Rising world prices for oil and gas, and to a lesser extent for metal products, as well as the dollar’s fall, have enabled Turkmenistan to force up the dollar price of its gas deliveries to Ukraine and to present similar demands to Russia. Already in November 2004, Ashgabat notified Kyiv and Moscow that it intends to renegotiate the price for gas deliveries to be made in 2005. On December 23, 27, and 29, Turkmenistan’s government publicly warned Ukraine and Russia that it would stop the deliveries at the year’s end, pending renegotiation of the prices. And, at midnight December 31-January 1, Turkmenistan closed — purportedly for “maintenance work” — the valves on the pipeline that runs to Russia and on to Ukraine.
Ukraine could not address this situation until its presidential election ended. On January 2, Naftohaz Ukrayini holdover chairman Yuriy Boyko and his first deputy, Vadym Chuprun (formerly ambassador to Turkmenistan and negotiator for gas), rushed to Ashgabat, to sign on January 3 with Turkmen President Saparmurat Niyazov the supply agreements for 2005 at new prices. That same day, Turkmenistan reopened the valve for deliveries earmarked for Ukraine (as distinct from deliveries earmarked for Russia). Boyko, noting the worldwide price trends, declared himself “very happy with this contract” during the signing ceremony in Ashgabat.

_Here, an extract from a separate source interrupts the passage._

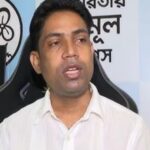 TMC नेता जहांगीर खान नेपाल बॉर्डर से गिरफ्तार, STF ने भागने की कोशिश की नाकाम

Niyazov provided details on the contract in an unusually detailed presentation on live television during the signing ceremony. The volume of Turkmen gas deliveries contracted for 2005 remains almost unchanged at 36 billion cubic meters, constituting more than 40% of Ukraine’s annual consumption. The new price is $58 per 1,000 cubic meters, up from $44 in 2004, for gas delivered at Turkmenistan’s border en route to Ukraine. (Niyazov tried to show generosity after asking $60 last month). Niyazov is now asking Russia to pay $58 as well; however, Russia plans to buy only a small volume of Turkmen gas in 2005. The contract with Ukraine reserves Turkmenistan’s right after 2005 to increase the gas price still further, in keeping with anticipated world price rises and declining dollar rates.
Ukraine will pay half of the price in dollar-denominated cash and half in Ukrainian commodities and services — the same formula as was used in recent years. Steel pipes and other steel products form the mainstay of Ukraine’s commodity deliveries as part of that barter. Rising prices of Russian-supplied energy to Ukraine forced Ukrainian metal producers this year to recalculate upward the price on their deliveries to Turkmenistan. This situation provided Niyazov with an added argument to increase the price of gas supplied to Ukraine. In the negotiations with Boyko, the Turkmen president characterized such barter arrangements as a Soviet-era relict and urged a shift to full payment in cash from 2007 on.
On top of the price paid to Turkmenistan at the latter’s border, Ukraine must pay for transit of the gas via Uzbekistan, Kazakhstan, and Russia through Gazprom-controlled pipelines. Last year, those increments amounted to $17 per 1,000 cubic meters, by the time the gas reached Ukraine’s border. Gazprom and its affiliate trading company take the lion’s share of transit and delivery charges.
Opening this year’s first session of Ukraine’s caretaker Cabinet of Ministers on January 5, Acting Prime Minister Mykola Azarov stated that the government had not authorized Boyko to sign any agreement with Turkmenistan on the price of gas. Azarov instructed Boyko to present a detailed report, and the Ministries of Finance, Economy, and Energy to assess the agreements just signed. Ukraine’s transition to a new government and new presidency, as well as pending personnel changes in the energy sector, may make it difficult for Kyiv to focus on this issue fully and immediately.
(Turkmen government press releases, December 30; January 1; Turkmen Television First Channel, January 3; Invest-Gazeta [Kyiv], December 28; Era [Kyiv], January 1, 3, 5).